### Exercise details
Copy out the data below from the line containing "Filmske pljačke koje" to the line containing "2110-2126 W Walnut", both lines included, with all images left out.
=== Records shown ===
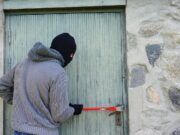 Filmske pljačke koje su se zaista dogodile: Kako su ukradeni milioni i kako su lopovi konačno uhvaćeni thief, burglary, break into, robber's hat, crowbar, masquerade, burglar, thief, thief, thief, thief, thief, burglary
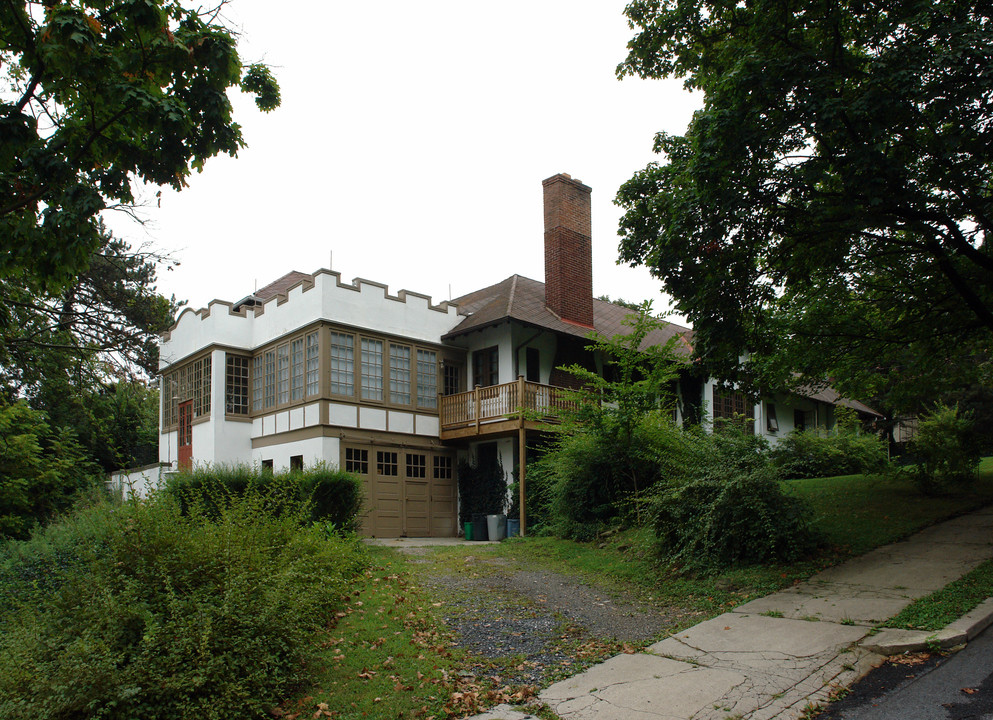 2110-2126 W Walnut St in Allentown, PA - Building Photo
===
=== Records shown ===
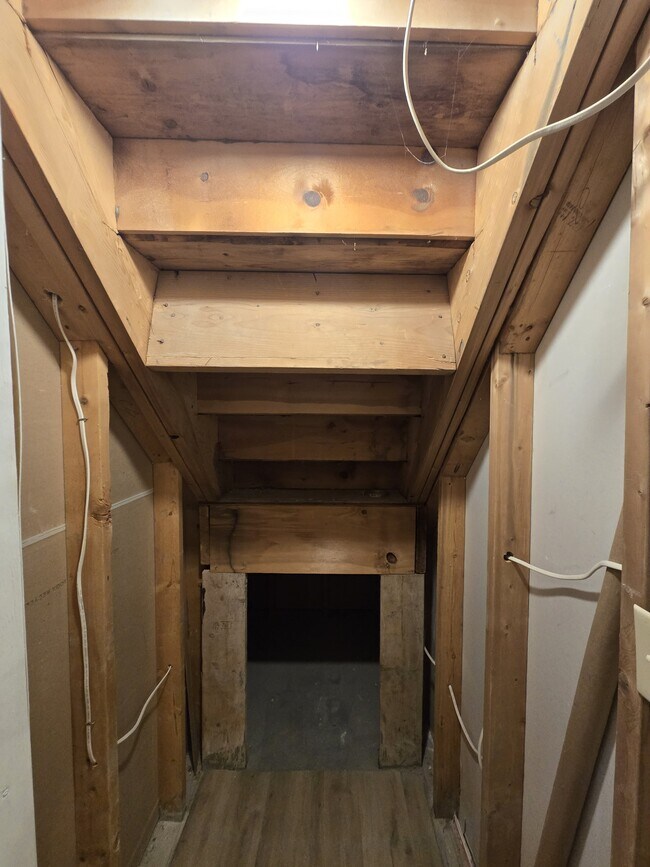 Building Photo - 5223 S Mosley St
===
### Response area
 Filmske pljačke koje su se zaista dogodile: Kako su ukradeni milioni i kako su lopovi konačno uhvaćeni thief, burglary, break into, robber's hat, crowbar, masquerade, burglar, thief, thief, thief, thief, thief, burglary
 2110-2126 W Walnut St in Allentown, PA - Building Photo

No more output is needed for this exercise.